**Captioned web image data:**

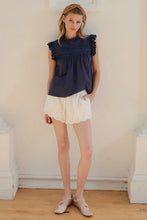 Load image into Gallery viewer, Woman wearing a navy top and white shorts standing against a plain wall.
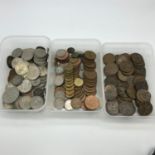 Three tubs containing a quantity of mixed British coins, which includes one pennies, Three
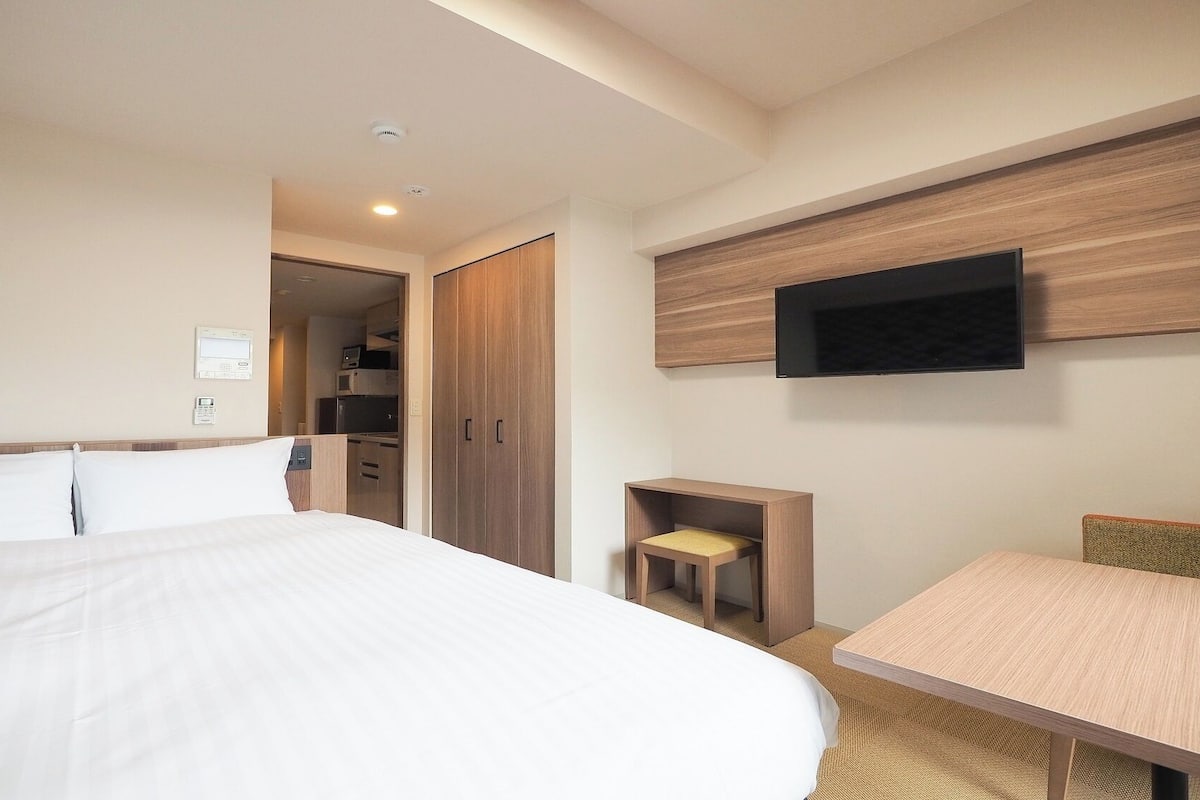 A hotel room with a bed, a desk, a TV mounted on the wall, and a wardrobe.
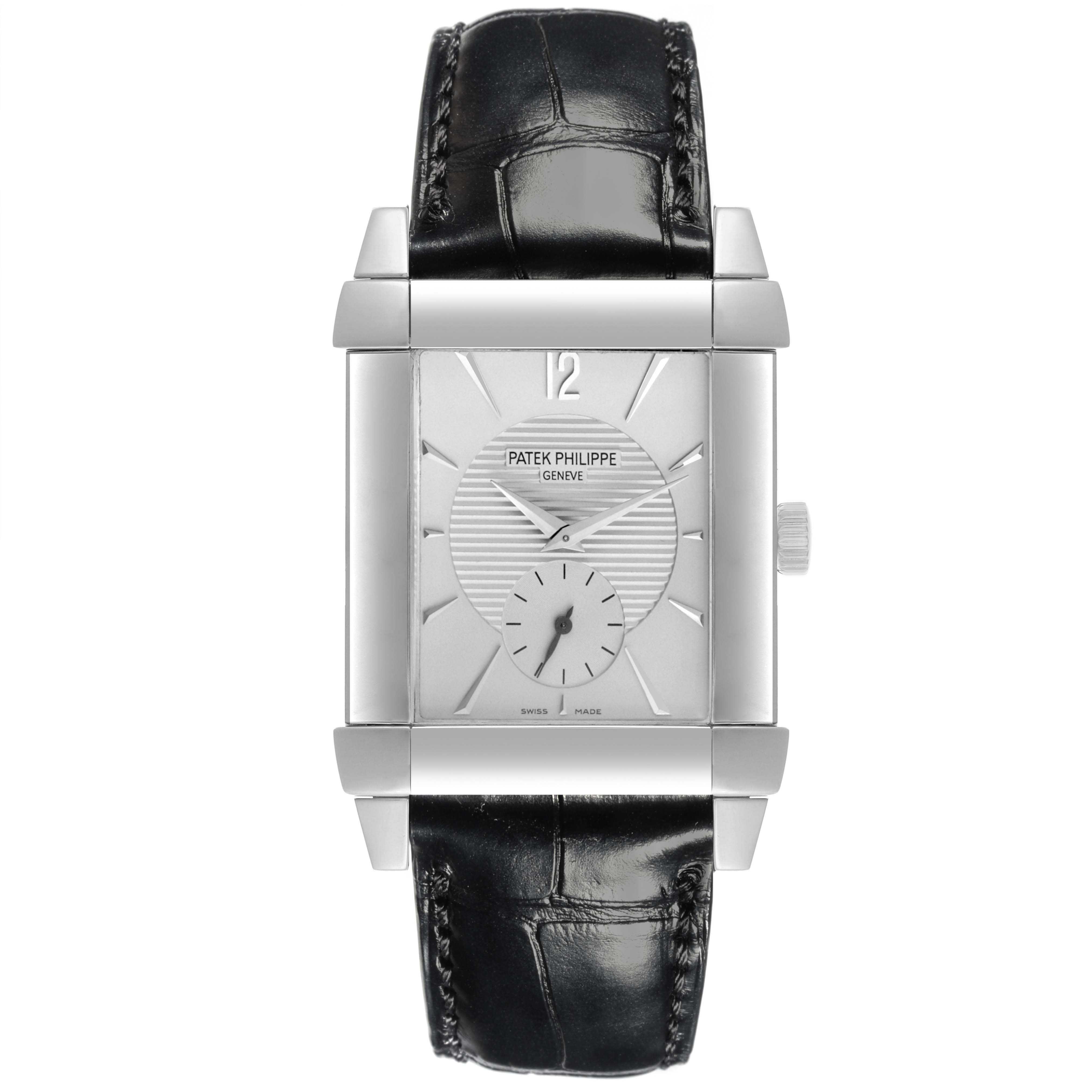 The Patek Philippe Gondolo 5111G-001 Men's White Gold Silver Dial 5111G-001 Men's White Gold Silver Dial watch is shown from the front, featuring its rectangular face, silver dial, and black leather strap.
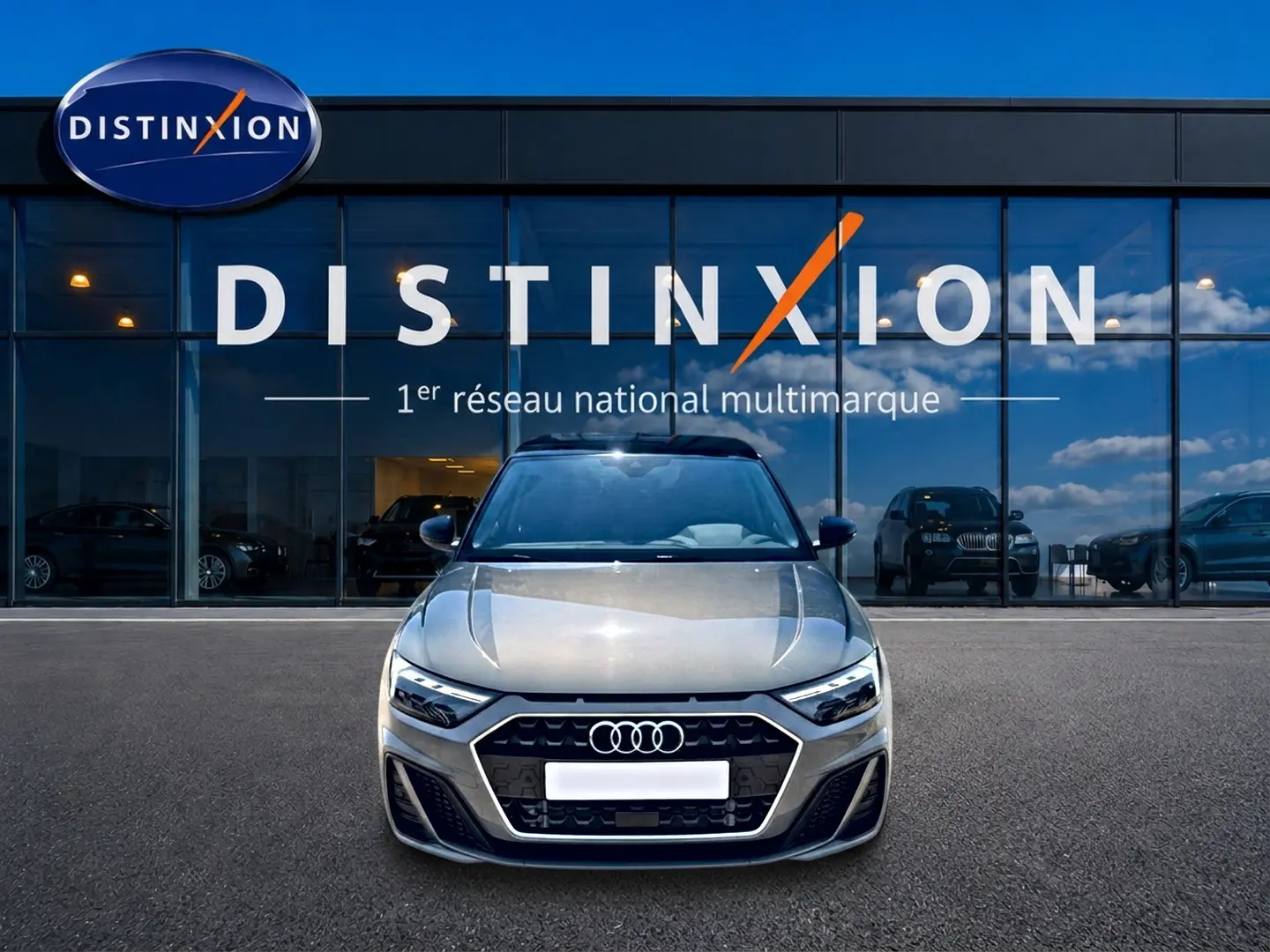 Audi A1 Sportback gris chronos vue de face, mettant en valeur la calandre hexagonale et les phares LED distinctifs.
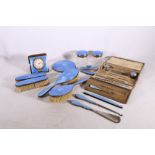Art Deco silver and guilloche enamel dressing table set comprising hand mirror, brushes, etui in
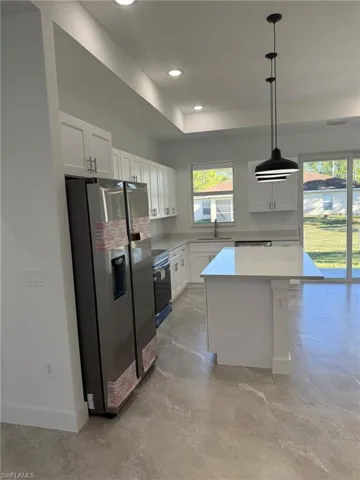 Kitchen with stainless steel fridge with ice dispenser, white cabinetry, pendant lighting, a kitchen island, and range with electric stovetop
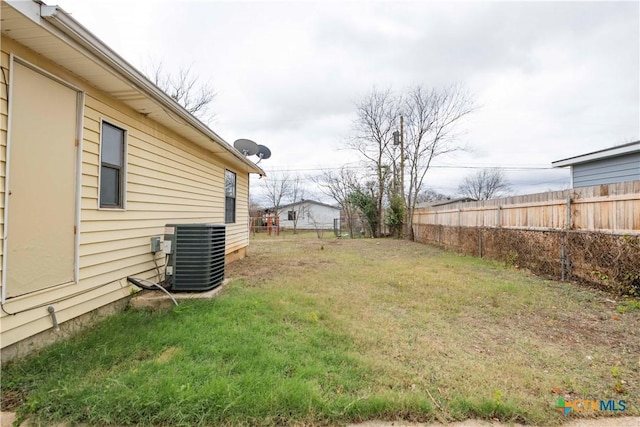 view of yard with central AC unit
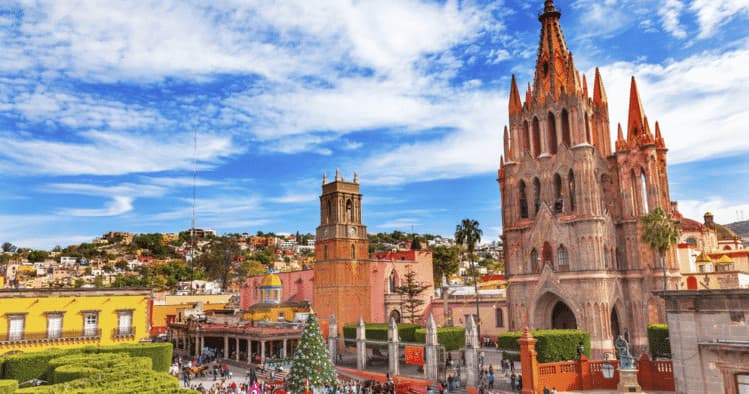 Colorful colonial cityscape with cathedral and sunny blue sky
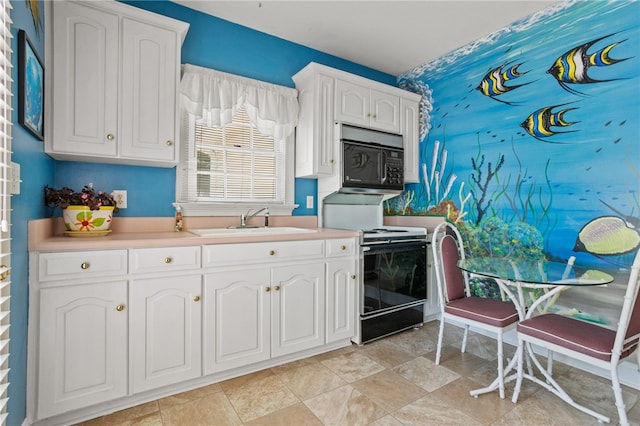 kitchen featuring a sink, white cabinets, range with electric cooktop, and black microwave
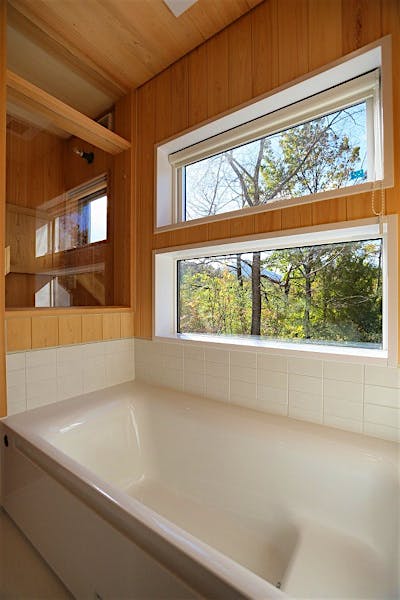 ハーフユニットバスからの立ち上がりはタイル仕上げ。木部はヒノキ材。バスタブからも山の景色を存分に楽しめる。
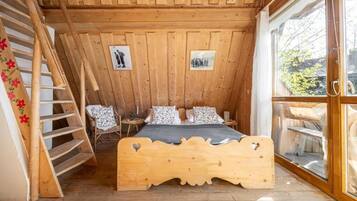 Un dormitorio de cabaña de madera con una cama, una silla, una escalera y un ventanal.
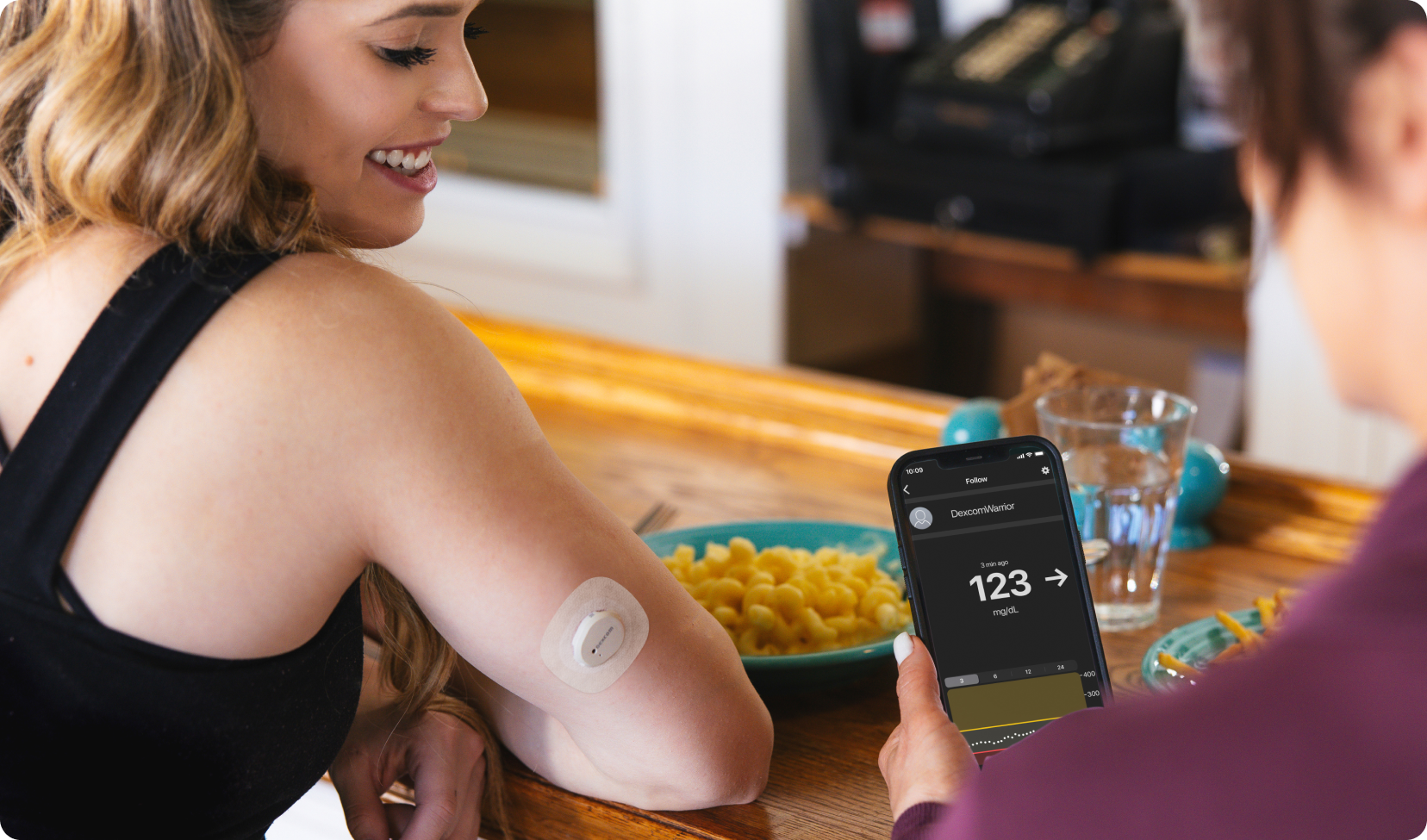 woman wearing dexcom and person checking app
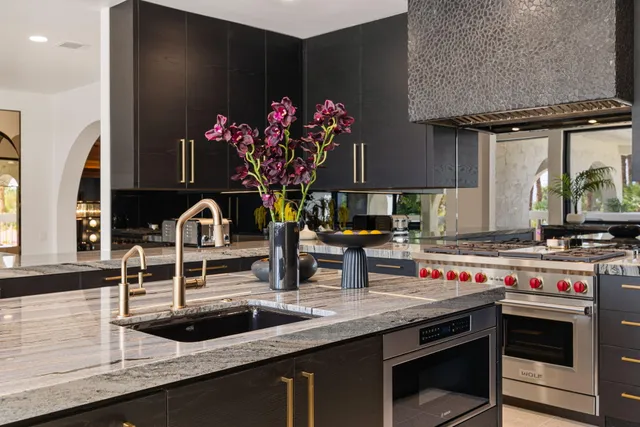 a view of a porch with a table and chairs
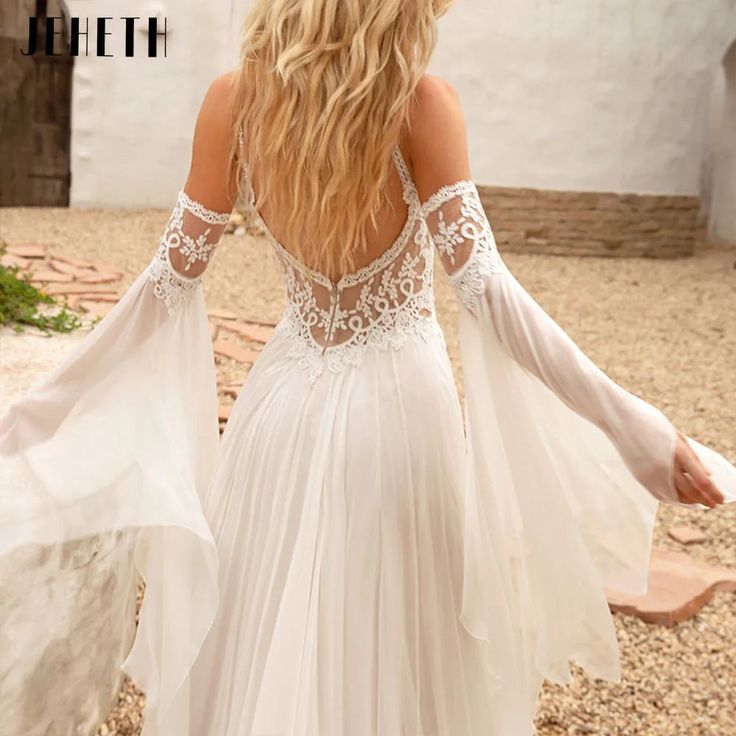 the back of a woman's white wedding dress with long sleeves and open shoulders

**Problem details:** Retype every record above word for word, leaving out any pictures.

**Your solution:**
 Load image into Gallery viewer, Woman wearing a navy top and white shorts standing against a plain wall.
 Three tubs containing a quantity of mixed British coins, which includes one pennies, Three
 A hotel room with a bed, a desk, a TV mounted on the wall, and a wardrobe.
 The Patek Philippe Gondolo 5111G-001 Men's White Gold Silver Dial 5111G-001 Men's White Gold Silver Dial watch is shown from the front, featuring its rectangular face, silver dial, and black leather strap.
 Audi A1 Sportback gris chronos vue de face, mettant en valeur la calandre hexagonale et les phares LED distinctifs.
Art Deco silver and guilloche enamel dressing table set comprising hand mirror, brushes, etui in
 Kitchen with stainless steel fridge with ice dispenser, white cabinetry, pendant lighting, a kitchen island, and range with electric stovetop
 view of yard with central AC unit
 Colorful colonial cityscape with cathedral and sunny blue sky
 kitchen featuring a sink, white cabinets, range with electric cooktop, and black microwave
 ハーフユニットバスからの立ち上がりはタイル仕上げ。木部はヒノキ材。バスタブからも山の景色を存分に楽しめる。
 Un dormitorio de cabaña de madera con una cama, una silla, una escalera y un ventanal.
 woman wearing dexcom and person checking app
 a view of a porch with a table and chairs
 the back of a woman's white wedding dress with long sleeves and open shoulders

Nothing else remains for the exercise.